Clinical research is perhaps the most expensive and critical phase of drug development process in pharmaceutical industry. Without a three phase human trials, no new drug can be approved for marketing. It is expensive as it involves participation of thousands of subjects and investigators in multi locations for nearly ten years. And new molecules may have to be abandoned at any point of time during the trial period if ADRs of the new molecule are beyond the acceptable limits. For these reasons, the whole operation of clinical research is dangerously secretive. Of late, there is a sudden spurt in clinical research activity in India on account of two reasons. Firstly, the cost of clinical trials has become prohibitively expensive in developed countries whereas it is far cheaper in India and other developing countries. Increased awareness of the risks involved in testing of drugs under development has also led to a sharp drop in the number of human volunteers available in developed countries. Secondly, a stringent regulatory system governing clinical research is not in place in India yet. Thus, MNCs like Pfizer, GSK, Novartis and Novo Nordisk are already conducting human trials on a big scale. Apart from these giants, there are a large number of Indian and foreign CROs conducting human trials in different locations in the country.

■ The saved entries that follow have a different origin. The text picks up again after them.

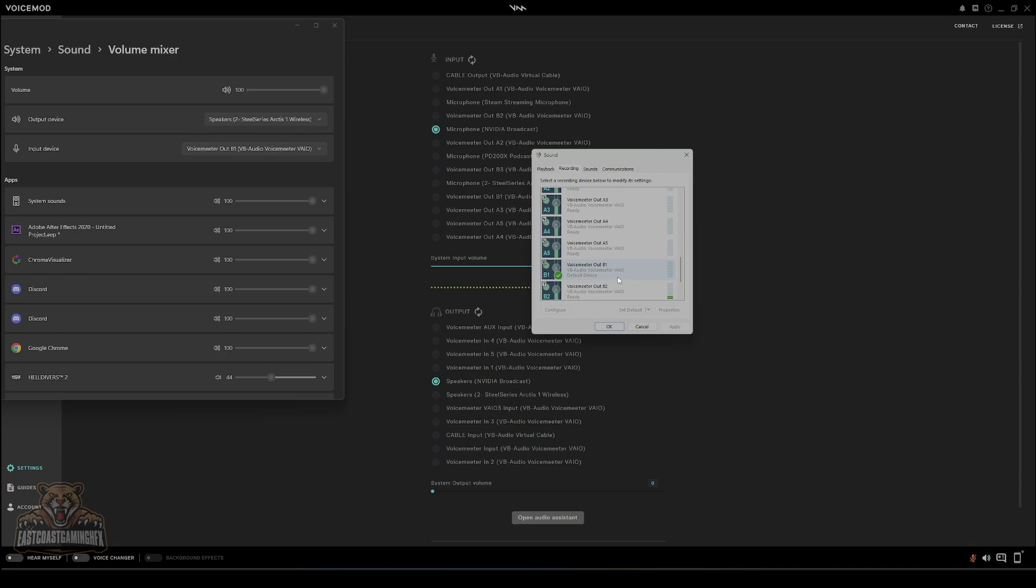You're going to select Voicemeeter Out B1 to be your default recording device. So default device, default communication. That's all you got to do.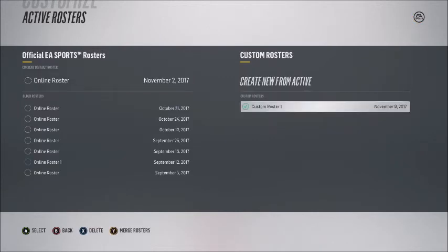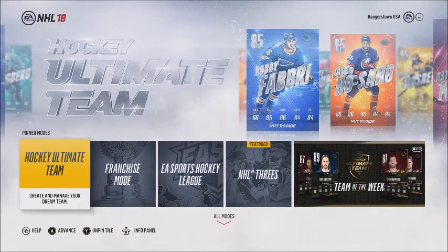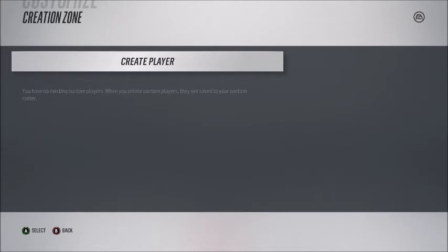When I go to active roster, I am missing two of the three custom rosters I had. I'm only left with custom roster one, which is just the online roster. Everything is gone — every single player I created, their stats have been reset. Every single player I edited, their stats have been reset. So I have to go through the entire game again to edit those players.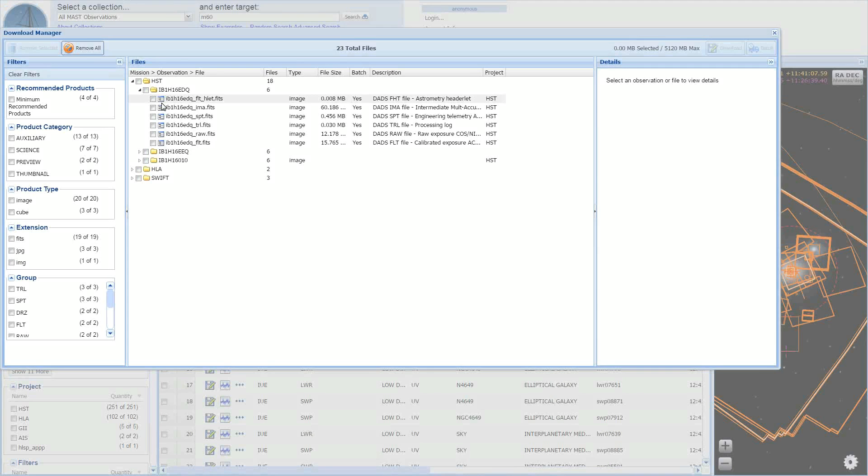As you highlight an observation folder or file, the right portion of the basket will show you any available details for the selected item.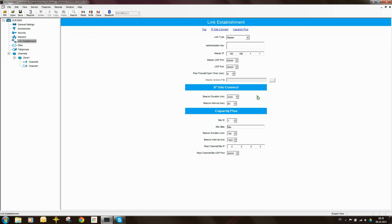Remember that when the repeater runs in analog mode, it effectively works as a standalone repeater and you lose the benefits of IP Site Connect. You can switch it back to the digital channel via RDAC. Since I'm not interested in the analog parameters, I'm going to delete the analog channel — either right-click and select Delete, or select it and press Delete on the keyboard.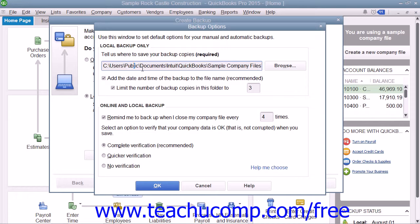Next, you can either check or uncheck either of the two checkbox options shown in the Local Backup Only section of the window if desired. The first checkbox, labeled Add the date and time of the backup to the file name (recommended), will add those elements to the copy of the backup file that is created so that you can tell when the copy was made. The second checkbox, labeled Limit the number of backup copies in this folder too, will limit the number of backup copies within the selected folder to a number that you then enter.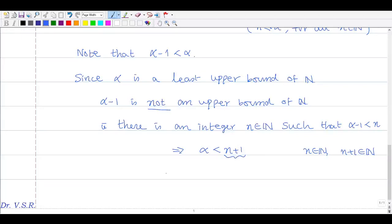But n plus 1 is also a natural number, and alpha is less than n plus 1. This is a contradiction to the fact that alpha is an upper bound of N — that n is less than or equal to alpha for all n in N.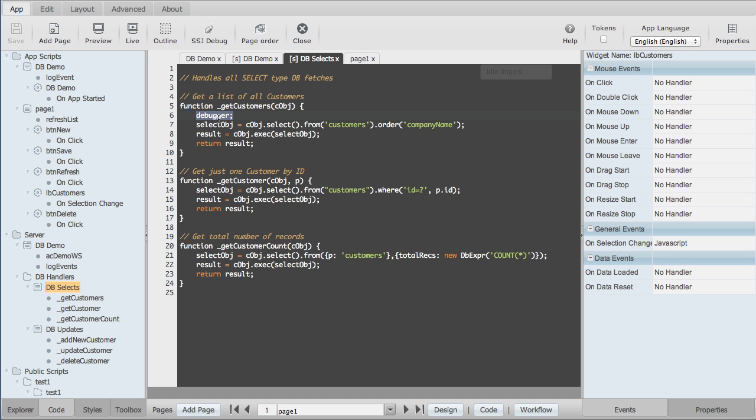So as soon as it hits this, it's going to stop. But what I need to do, which is different to the client, is I initiate the debugging by pressing the SSJ debug here in the button bar.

In India, the government has been allowing only phase II and phase III trials of new molecules so far. The phase I trials are allowed in India only if phase I trials are already done in a different country and submitted the data here. Now there are reports to the effect that the phase I is also going to be allowed in India soon. MNCs, supported by leading industry associations have been putting pressure on the government for this relaxation for some time. Phase I trials are conducted on a small group of healthy volunteers for a short period. If the government thinks by allowing phase I trial can bring a lot more foreign exchange, it is fine. Before that the rules and the framework to regulate clinical research in the country should be in place. Otherwise, India could turn into a place of large scale human rights violation in the name of clinical trials. Already surreptitious trials are being conducted in various parts of the country by a large number of small time CROs on illiterate youngsters from slum areas. Many of these volunteers are either dying or seriously falling sick after a few months of trial. There is no system of tracking down these illegal operators and stopping them as they are operating with the support of certain unscrupulous medical practitioners. Ethics committees are either non existing at these clinical trial sites or are not functioning. What is shocking is the extreme slow pace at which the Union health ministry is moving to enact the law for clinical trials in the country. The ICMR Ethical Guidelines for Biomedical Research on Human Subjects has been with the ministry since the year 2000.